América fue el último continente poblado por nuestra especie y el único al cual ninguno de nuestros antecesores y ancestros homínidos tuvo acceso. Las formaciones sociales que aquí se desarrollaron incluyen características que han impactado en la definición misma de términos como estado e imperio, acuñados inicialmente con base en la experiencia eurásica. Bien la memoria de la invasión, colonización y el mestizaje, o bien la reticencia a olvidar el pasado autónomo, a retomarlo como mecanismo de resistencia o sanación para sobrellevar guerras civiles o dictaduras militares, son algunos de los hitos de un largo recorrido en el que la celebración de las continuidades y el abuso de la otredad a veces incluso se dan la mano.
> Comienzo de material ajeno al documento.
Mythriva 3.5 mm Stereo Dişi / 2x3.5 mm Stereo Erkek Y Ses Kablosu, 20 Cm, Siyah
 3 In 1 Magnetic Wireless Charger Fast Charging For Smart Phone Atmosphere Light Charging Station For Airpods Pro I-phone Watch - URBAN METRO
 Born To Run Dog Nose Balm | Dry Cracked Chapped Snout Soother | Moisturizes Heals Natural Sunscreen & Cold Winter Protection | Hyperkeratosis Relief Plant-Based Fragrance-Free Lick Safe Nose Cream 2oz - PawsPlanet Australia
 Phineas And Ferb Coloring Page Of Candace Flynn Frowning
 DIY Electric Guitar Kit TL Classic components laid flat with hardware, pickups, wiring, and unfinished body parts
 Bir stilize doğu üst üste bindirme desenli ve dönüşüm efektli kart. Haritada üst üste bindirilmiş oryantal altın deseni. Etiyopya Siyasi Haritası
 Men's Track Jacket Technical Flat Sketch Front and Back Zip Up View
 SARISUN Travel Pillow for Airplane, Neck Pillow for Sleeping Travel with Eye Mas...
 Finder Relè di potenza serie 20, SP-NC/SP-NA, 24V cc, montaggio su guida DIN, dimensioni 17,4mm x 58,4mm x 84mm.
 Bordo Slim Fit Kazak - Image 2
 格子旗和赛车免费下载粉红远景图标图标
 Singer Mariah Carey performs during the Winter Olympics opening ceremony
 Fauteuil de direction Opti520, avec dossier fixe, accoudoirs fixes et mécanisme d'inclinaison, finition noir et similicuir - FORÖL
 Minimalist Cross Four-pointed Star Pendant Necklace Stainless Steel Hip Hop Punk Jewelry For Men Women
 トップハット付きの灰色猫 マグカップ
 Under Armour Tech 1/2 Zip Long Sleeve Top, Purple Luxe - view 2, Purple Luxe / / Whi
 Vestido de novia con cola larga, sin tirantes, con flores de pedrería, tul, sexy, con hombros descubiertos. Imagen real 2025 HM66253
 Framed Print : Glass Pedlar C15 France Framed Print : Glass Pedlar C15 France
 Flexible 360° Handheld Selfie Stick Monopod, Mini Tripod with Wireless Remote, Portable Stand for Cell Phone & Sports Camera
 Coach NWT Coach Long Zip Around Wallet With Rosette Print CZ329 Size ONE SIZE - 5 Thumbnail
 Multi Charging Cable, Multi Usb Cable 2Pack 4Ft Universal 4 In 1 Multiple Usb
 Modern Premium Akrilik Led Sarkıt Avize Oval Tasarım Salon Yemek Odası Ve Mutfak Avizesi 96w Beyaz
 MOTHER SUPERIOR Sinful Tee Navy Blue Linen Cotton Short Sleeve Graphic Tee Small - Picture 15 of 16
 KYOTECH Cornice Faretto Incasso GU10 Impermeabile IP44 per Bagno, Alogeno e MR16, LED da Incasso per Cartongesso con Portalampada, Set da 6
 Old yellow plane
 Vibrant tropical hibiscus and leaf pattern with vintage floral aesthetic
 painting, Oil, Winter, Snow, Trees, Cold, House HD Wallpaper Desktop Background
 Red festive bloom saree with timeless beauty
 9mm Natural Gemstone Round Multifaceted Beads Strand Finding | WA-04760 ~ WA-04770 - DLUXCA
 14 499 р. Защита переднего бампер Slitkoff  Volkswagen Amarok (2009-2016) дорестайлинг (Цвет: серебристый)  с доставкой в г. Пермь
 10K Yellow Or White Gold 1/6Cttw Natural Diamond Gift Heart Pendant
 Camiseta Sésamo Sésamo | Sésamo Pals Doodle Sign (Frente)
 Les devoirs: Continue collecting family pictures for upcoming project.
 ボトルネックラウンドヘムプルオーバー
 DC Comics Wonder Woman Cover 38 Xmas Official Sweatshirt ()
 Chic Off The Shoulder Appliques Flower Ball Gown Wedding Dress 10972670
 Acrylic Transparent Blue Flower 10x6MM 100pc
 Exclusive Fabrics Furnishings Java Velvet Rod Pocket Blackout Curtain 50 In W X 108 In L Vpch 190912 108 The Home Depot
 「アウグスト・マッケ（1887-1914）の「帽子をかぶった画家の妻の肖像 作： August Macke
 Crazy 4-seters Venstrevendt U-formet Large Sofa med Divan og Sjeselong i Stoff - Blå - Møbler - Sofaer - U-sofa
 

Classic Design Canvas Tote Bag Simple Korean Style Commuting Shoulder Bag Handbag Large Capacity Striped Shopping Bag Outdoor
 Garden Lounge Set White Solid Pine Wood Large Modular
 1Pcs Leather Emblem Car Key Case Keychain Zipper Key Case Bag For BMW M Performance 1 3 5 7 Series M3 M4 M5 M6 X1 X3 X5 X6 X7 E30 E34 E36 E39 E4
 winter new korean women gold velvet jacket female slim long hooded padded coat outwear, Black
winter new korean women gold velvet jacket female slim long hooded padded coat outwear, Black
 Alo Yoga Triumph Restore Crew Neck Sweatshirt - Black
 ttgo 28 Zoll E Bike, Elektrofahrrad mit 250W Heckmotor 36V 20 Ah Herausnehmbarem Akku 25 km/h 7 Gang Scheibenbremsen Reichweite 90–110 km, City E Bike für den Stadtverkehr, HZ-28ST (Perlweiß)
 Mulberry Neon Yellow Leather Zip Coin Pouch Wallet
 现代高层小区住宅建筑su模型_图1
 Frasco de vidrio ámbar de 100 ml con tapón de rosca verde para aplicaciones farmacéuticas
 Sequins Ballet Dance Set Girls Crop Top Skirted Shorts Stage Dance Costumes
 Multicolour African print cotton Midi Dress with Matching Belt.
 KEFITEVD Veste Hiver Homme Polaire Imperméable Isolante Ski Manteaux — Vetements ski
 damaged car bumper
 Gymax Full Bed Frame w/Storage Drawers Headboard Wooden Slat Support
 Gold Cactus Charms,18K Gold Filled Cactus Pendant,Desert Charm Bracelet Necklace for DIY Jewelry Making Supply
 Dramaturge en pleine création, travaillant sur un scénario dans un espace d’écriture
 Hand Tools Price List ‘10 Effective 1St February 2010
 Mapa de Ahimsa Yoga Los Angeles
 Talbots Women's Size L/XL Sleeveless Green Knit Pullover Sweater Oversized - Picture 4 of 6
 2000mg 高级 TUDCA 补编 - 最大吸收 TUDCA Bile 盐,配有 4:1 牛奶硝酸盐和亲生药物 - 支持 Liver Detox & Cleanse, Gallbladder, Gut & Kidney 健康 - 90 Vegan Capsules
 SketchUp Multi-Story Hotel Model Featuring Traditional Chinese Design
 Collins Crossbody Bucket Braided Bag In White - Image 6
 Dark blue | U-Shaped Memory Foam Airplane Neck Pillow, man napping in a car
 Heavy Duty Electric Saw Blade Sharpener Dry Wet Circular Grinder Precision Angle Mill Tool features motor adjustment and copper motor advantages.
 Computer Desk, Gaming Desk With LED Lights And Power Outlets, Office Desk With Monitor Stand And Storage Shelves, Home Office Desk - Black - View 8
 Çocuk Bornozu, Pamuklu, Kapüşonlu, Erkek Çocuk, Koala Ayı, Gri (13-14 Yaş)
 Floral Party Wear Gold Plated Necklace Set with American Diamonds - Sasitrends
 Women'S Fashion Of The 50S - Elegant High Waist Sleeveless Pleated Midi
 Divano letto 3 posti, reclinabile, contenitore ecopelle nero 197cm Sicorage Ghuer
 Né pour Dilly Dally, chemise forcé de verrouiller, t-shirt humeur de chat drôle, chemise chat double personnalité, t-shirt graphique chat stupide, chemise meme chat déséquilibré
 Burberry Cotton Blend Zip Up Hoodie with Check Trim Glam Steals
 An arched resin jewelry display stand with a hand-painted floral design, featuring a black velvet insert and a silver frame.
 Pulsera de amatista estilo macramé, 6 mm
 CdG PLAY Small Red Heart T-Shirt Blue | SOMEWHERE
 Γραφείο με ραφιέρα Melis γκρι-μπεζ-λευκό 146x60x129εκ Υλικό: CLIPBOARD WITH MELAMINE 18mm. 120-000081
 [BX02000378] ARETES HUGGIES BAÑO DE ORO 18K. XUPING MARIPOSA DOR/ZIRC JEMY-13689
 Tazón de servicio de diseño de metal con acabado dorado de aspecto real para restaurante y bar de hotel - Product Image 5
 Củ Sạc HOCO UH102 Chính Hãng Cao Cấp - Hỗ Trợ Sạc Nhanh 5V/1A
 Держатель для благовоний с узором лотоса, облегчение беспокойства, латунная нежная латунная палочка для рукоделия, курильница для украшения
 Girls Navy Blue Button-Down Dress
Puede pues parecer absurdo definir “arte prehispánico” en función de las exploraciones lideradas por el capitán genovés Cristóforo Colombo en el Caribe hace medio milenio, pero es también por su crítica conmemoración que el epíteto ´precolombino´ ha caído en desuso. El epíteto precolonial hace referencia a la temporalidad específica de la producción artística de sociedades independientes de y anteriores a la imposición de sistemas coloniales. Pero la colonialidad que se expande desde Europa tras la caída de Constantinopla (1453) tomó formas y rumbos muy diversos en los siglos siguientes en los ámbitos hispano, lusófono, anglófono, francés y holandés. Hasta finales del siglo XVIII no cabía la posibilidad de un arte precolonial por fuera de la experiencia histórica eurásica. El arte hacía parte, única y exclusivamente, de ese tiempo posterior histórico y cristiano, fundacional para el devenir de las repúblicas latinoamericanas. Llamar este tiempo poscolonial es correcto en términos históricos, pero evoca la corriente teórica y política poscolonial de autores que se sitúa desde la colonialidad británica en África y Asia, como Homi Bhabha y Gayatri Spivak. La amplitud global del fenómeno hace pues difícil restringir un campo de estudio a una categoría de objetos cuyo común denominador sea la procedencia de lugares que experimentaron cualquier tipo de violencia colonial. A la vez que reconoce la colonialidad el epíteto prehispánico, en cambio, pone en relieve las especificidades de la conquista e invasión hispana en el siglo XVI.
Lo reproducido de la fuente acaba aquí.